16 years ago, as the millennium was being celebrated nobody could have imagined that the all powerful banks would be setting aside billions to compensate missold PPI.
Workers, Unions and regulators are now estimating that IT companies who abused the visa process to eradicate the British workforce from their UK offices and projects could now be facing claims in excess of £1/2 trillion over the coming years.
Furthermore, companies that offshore could be targeted in new tax avoidance legislation and taxed at 40% of gross offshore expenditure to compensate Government coffers that have been emptied and that have led to 8 years of unnecessary austerity.
The U.K. government has boasted that it recklessly allowed up to half a million visas be approved each year, bringing into the UK a workforce of artificially cheap labour.

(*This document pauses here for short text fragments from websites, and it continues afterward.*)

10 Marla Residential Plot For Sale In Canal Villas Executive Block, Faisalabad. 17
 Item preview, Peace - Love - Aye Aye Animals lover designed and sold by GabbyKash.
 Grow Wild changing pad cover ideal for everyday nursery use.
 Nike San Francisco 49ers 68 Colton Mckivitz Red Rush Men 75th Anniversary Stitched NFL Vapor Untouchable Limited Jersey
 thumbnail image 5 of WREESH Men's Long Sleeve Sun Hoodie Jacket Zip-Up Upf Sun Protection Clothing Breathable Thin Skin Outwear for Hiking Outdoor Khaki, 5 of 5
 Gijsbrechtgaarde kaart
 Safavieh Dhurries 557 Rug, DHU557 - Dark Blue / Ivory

As IT companies have made billions, the U.K. workforce has been destroyed and the Chancellor has lost up to £10billion in tax revenue in the recent coalition and Tory government era alone.
In Scotland, challenging this tax evasion and bringing jobs back into Scotland for Scottish people could completely wipe out the £15bn deficit in one parliament.
Here is a summary of what the claims could entail, based on recent litigation in the States and discussions with Unions:
- Claims by migrant workers who have been discriminated against and underpaid for their work
- Claims by resident workers who lost jobs to migrant workers
- Claims by resident workers who were denied jobs in favour of migrant workers
In total, it is estimated that 5million migrant workers were brought into the UK in the last ten years and replaced resident workers.
Claims of £50k per migrant worker for discrimination and similar for resident workers could leave IT companies facing a bill of £100k for every migrant worker they brought in.
With 5 million workers brought in, the bill looks set to reach £1/2 trillion very quickly.
Now consider the offshored development and call centres and new tax legislation could lead to £multi-billion tax bills for the same period.
The next ten years look set to be very difficult for IT companies but could turn around the fortunes of the U.K. as a country.